## What to do
There is a line below that contains "Gallery image thumbnail". Please reproduce it and all following lines exactly, through the final one.

(Records from a data source)
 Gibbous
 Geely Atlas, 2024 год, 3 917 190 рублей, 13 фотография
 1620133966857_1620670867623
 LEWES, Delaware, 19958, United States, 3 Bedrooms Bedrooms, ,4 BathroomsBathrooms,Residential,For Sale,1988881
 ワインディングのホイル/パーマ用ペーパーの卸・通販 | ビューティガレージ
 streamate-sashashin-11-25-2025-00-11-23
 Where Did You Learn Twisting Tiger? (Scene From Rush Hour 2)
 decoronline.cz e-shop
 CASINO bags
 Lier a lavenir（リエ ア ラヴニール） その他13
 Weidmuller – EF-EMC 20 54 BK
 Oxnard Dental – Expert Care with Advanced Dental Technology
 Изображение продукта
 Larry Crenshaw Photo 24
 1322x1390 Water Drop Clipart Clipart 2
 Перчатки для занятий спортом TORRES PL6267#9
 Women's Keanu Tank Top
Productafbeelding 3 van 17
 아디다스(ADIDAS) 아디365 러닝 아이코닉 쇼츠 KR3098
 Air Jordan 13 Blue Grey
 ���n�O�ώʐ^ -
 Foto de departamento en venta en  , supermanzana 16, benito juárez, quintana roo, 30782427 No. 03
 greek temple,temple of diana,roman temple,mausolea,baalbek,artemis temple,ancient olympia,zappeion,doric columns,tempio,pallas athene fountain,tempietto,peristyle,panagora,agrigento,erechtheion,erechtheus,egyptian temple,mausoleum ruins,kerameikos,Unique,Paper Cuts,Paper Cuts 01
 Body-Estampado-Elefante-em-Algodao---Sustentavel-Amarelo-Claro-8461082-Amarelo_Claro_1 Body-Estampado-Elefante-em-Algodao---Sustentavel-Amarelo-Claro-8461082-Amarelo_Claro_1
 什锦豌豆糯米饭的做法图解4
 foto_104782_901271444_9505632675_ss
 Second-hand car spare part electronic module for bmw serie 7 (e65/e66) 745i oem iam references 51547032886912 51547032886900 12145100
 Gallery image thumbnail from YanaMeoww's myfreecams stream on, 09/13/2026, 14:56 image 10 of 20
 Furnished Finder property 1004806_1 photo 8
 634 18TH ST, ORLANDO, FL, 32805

## Exercise output
 Gallery image thumbnail from YanaMeoww's myfreecams stream on, 09/13/2026, 14:56 image 10 of 20
 Furnished Finder property 1004806_1 photo 8
 634 18TH ST, ORLANDO, FL, 32805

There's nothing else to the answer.